━━━━━ TASK DATA

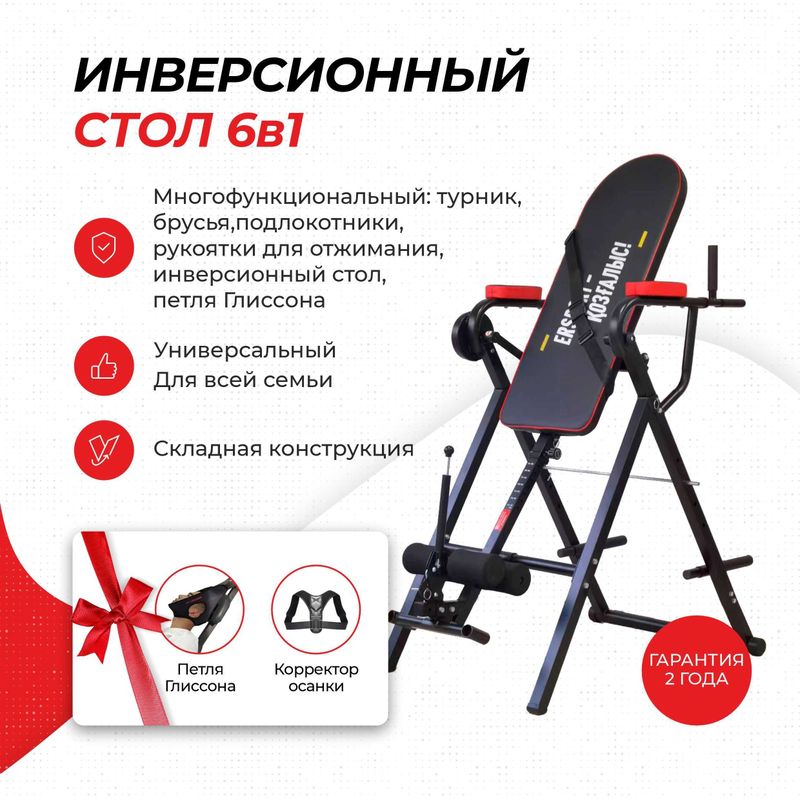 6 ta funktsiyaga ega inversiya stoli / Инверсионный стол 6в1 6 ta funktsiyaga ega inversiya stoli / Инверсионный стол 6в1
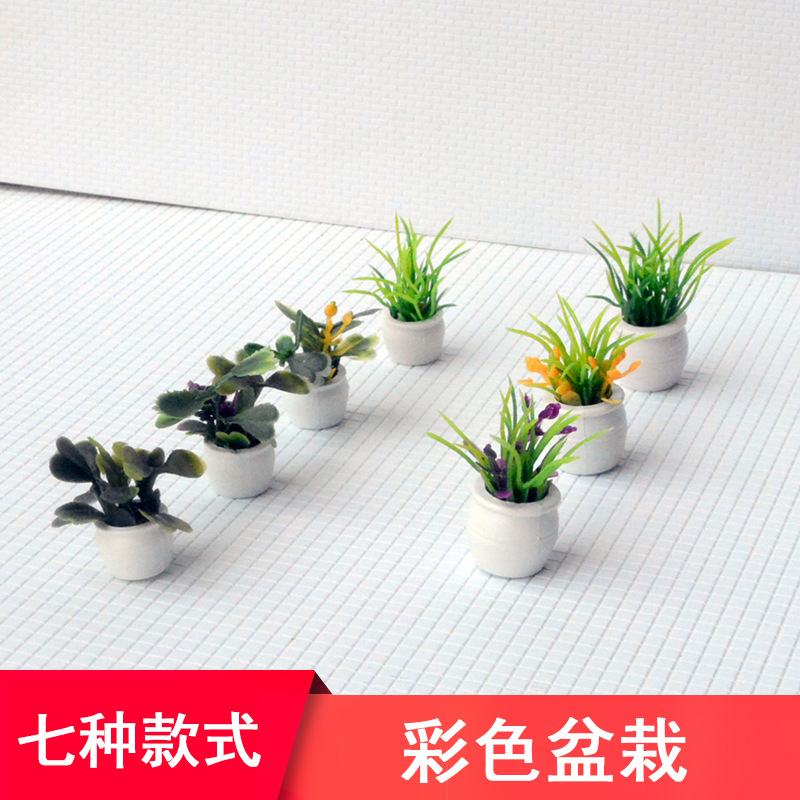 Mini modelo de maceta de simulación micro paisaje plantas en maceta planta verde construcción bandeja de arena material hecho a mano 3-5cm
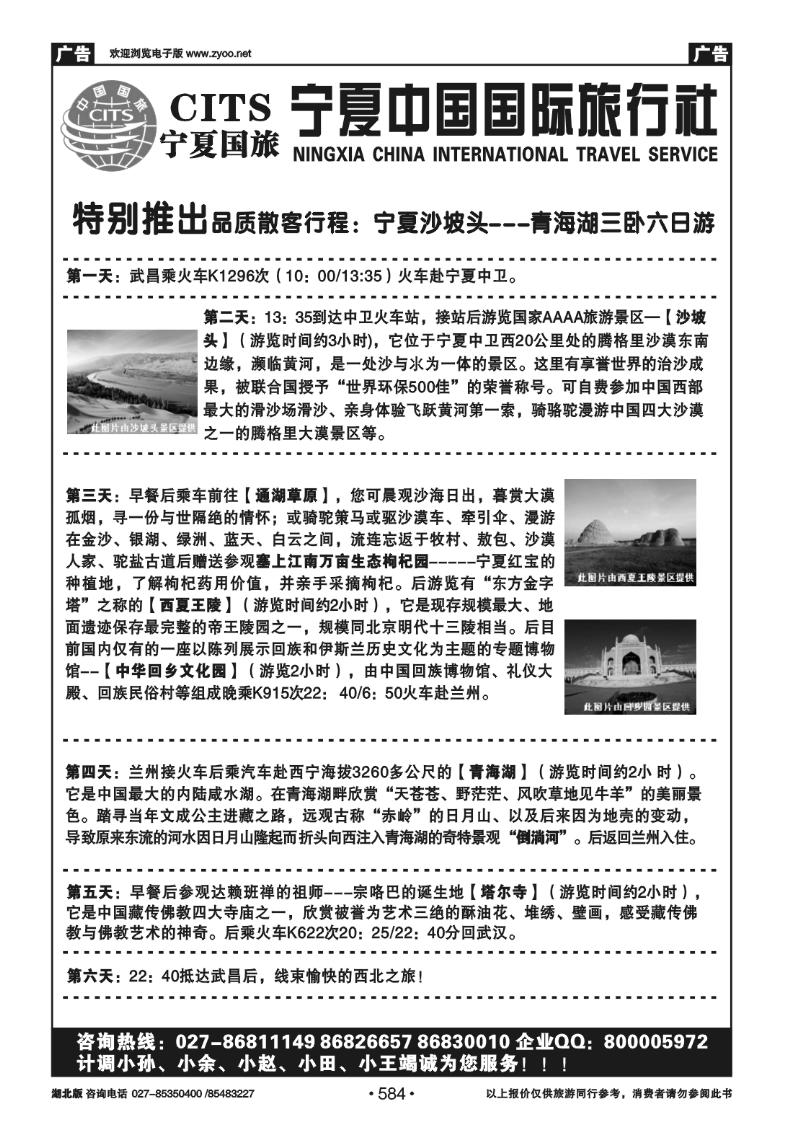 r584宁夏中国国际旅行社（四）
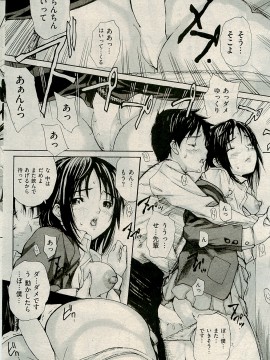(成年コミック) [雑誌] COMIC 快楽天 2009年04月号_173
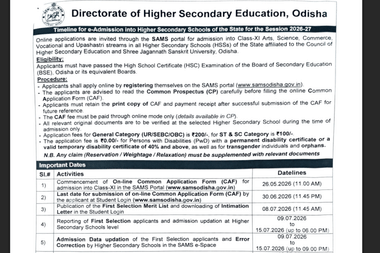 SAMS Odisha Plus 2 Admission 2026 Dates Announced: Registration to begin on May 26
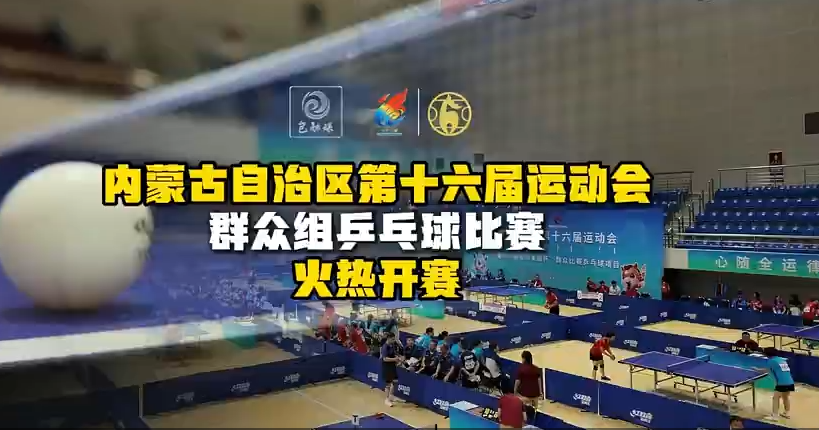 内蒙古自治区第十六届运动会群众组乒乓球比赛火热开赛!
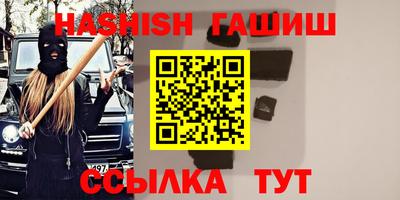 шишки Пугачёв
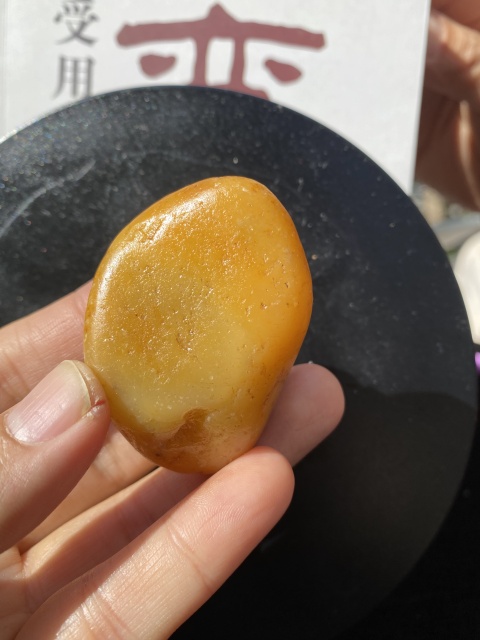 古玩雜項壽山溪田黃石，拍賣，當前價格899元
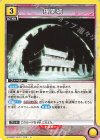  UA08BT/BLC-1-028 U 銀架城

━━━━━━━━━━

» TASK INSTRUCTIONS
Would you copy the records word for word, without any of their pictures?

» YOUR RESPONSE
 6 ta funktsiyaga ega inversiya stoli / Инверсионный стол 6в1 6 ta funktsiyaga ega inversiya stoli / Инверсионный стол 6в1
 Mini modelo de maceta de simulación micro paisaje plantas en maceta planta verde construcción bandeja de arena material hecho a mano 3-5cm
 r584宁夏中国国际旅行社（四）
(成年コミック) [雑誌] COMIC 快楽天 2009年04月号_173
 SAMS Odisha Plus 2 Admission 2026 Dates Announced: Registration to begin on May 26
 内蒙古自治区第十六届运动会群众组乒乓球比赛火热开赛!
 шишки Пугачёв
 古玩雜項壽山溪田黃石，拍賣，當前價格899元
  UA08BT/BLC-1-028 U 銀架城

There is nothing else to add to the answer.